Below is some data. Retype exactly the lines starting at the one with "A person in" and ending at the one with "A close-up shot".

========================================

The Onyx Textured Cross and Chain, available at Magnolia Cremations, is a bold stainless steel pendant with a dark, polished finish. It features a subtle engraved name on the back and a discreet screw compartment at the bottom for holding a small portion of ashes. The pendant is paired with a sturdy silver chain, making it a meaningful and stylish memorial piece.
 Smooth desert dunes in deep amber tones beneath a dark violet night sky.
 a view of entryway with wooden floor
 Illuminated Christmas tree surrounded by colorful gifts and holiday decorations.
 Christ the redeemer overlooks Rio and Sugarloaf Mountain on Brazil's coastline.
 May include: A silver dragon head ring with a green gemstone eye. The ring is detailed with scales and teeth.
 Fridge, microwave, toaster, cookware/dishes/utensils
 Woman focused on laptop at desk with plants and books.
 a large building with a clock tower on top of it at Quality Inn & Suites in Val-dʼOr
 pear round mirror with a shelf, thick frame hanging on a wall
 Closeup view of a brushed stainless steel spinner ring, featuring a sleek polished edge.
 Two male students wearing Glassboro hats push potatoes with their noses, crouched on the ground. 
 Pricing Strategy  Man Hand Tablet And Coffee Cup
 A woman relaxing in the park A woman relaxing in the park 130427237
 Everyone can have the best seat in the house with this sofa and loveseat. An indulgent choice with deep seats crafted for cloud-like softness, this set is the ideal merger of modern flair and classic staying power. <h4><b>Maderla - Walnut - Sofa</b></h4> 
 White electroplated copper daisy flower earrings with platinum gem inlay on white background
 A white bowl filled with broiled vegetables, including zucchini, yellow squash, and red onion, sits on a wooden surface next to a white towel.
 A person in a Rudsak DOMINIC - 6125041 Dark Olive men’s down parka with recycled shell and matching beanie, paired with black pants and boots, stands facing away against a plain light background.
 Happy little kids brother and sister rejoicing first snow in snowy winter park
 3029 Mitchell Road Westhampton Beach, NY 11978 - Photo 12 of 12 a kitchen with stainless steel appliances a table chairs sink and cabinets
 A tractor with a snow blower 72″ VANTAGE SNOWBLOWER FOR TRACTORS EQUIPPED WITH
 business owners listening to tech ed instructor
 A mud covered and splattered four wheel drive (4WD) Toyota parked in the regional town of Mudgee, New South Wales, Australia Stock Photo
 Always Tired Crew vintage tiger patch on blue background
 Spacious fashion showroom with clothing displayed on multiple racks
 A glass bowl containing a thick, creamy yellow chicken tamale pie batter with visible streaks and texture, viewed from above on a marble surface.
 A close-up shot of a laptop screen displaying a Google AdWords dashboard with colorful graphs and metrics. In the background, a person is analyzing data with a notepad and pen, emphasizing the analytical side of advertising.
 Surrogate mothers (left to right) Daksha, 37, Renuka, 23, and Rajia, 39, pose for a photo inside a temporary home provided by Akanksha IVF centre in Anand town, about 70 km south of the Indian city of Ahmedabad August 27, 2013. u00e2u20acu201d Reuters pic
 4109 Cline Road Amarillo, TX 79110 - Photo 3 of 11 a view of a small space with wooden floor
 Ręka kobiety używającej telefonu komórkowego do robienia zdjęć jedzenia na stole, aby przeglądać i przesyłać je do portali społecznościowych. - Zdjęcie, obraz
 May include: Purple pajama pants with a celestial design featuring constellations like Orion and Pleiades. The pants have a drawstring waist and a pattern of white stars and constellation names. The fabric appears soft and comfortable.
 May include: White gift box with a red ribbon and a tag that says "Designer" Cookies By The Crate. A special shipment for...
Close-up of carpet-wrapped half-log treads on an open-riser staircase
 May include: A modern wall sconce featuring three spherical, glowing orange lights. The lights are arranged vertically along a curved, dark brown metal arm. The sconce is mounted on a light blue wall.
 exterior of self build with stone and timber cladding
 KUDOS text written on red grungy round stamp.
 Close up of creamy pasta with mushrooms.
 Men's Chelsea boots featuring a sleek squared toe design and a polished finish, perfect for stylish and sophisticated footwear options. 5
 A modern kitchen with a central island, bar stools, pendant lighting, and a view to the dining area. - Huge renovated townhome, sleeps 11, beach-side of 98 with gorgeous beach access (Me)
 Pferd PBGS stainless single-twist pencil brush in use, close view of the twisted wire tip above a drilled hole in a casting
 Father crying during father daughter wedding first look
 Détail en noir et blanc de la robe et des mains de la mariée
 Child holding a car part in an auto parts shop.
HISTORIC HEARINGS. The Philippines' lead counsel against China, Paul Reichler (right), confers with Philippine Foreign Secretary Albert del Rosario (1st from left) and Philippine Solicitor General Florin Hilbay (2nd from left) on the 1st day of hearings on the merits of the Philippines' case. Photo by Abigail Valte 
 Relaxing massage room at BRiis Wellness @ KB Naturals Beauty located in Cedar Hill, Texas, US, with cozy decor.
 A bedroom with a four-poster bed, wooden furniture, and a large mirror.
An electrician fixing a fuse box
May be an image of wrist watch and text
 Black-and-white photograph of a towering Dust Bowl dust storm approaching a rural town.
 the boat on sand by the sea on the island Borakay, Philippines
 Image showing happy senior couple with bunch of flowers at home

========================================

RESULT OF THE TASK:
 A person in a Rudsak DOMINIC - 6125041 Dark Olive men’s down parka with recycled shell and matching beanie, paired with black pants and boots, stands facing away against a plain light background.
 Happy little kids brother and sister rejoicing first snow in snowy winter park
 3029 Mitchell Road Westhampton Beach, NY 11978 - Photo 12 of 12 a kitchen with stainless steel appliances a table chairs sink and cabinets
 A tractor with a snow blower 72″ VANTAGE SNOWBLOWER FOR TRACTORS EQUIPPED WITH
 business owners listening to tech ed instructor
 A mud covered and splattered four wheel drive (4WD) Toyota parked in the regional town of Mudgee, New South Wales, Australia Stock Photo
 Always Tired Crew vintage tiger patch on blue background
 Spacious fashion showroom with clothing displayed on multiple racks
 A glass bowl containing a thick, creamy yellow chicken tamale pie batter with visible streaks and texture, viewed from above on a marble surface.
 A close-up shot of a laptop screen displaying a Google AdWords dashboard with colorful graphs and metrics. In the background, a person is analyzing data with a notepad and pen, emphasizing the analytical side of advertising.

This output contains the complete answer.